Sunnereedli (Sonnenrädchen)

Das „Sunnereedli“ ist die kleine Schwester der grossen „Fastewaie„.  Als echtes Original spricht das „Sunnereedli“ baseldytsch: die zweitletzte Silbe wird langgezogen. Als Luzernerin sage ich zu diesem Hefegebäck „Sunnerädli“, da bekommt das kleine Rad auf den Schluss eher etwas Schwung …

Ein ideales Apéro-Gebäck zu einem Glas trockenen Weisswein, vor dem nächsten Abendessen auf dem Balkon oder im Garten.

(Zugegeben, dieses Rädchen würde noch ziemlich holpern …)

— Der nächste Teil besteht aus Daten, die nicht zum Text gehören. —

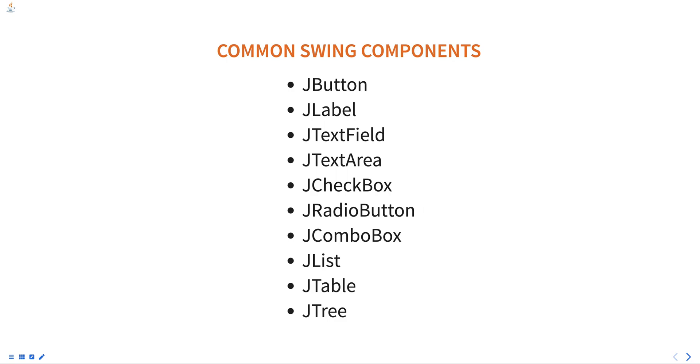All these components are fully customizable and can be customized to suit the specific needs of the application. They support various layout managers which can be used to arrange the components in the desired manner.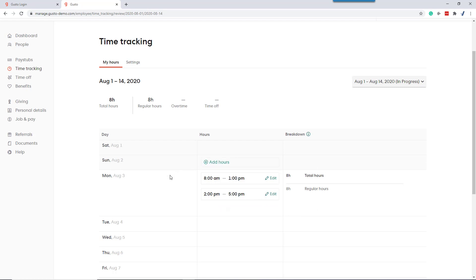They can report their time into the system and we're not exchanging spreadsheets back and forth when it comes time to do payroll. Just a quick overview of how employees can enter time into the Gusto time tracker. Thanks.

Kennengelernt habe ich das salzige Gebäck in Basel, lange bevor die Fastenzeit in diesem Jahr begonnen hatte: Vor den Bäckereien weckten in schöner Kreideschrift auf  Schiefertafeln „Fastwaie“ meine Neugier. Und wie es einem so als Greenhorn in einer neuen Stadt ergehen kann, selbst wenn diese  im eigenen Heimtland liegt :-), erlag ich gleich zwei Irrtümern:

Irrtum no. 1: Die „Faschtewaie“ hat mit einer Wähe, im Sinne eines salzigen oder süssen, flachen Kuchens, dessen Füllung mit einem Eier- u/o Rahmguss feucht gehalten wird, rein gar nichts zu tun. (Nature sind sie ein einfaches salziges Hefegebäck mit Kümmel oben drauf.)

Irrtum no. 2: Fasten, im Sinne von genügsamer bis frugaler Ernährung, kann man/frau mit keiner der zahlreichen „Faschtewaie“-Variationen. (Sie werden für die heutige Fast-Food Verpflegung mit allem Möglichen gefüllt: Käse, Lachs, Schinken, Tomaten, Gurken, Salat, Curry-Poulet undsoweiter.)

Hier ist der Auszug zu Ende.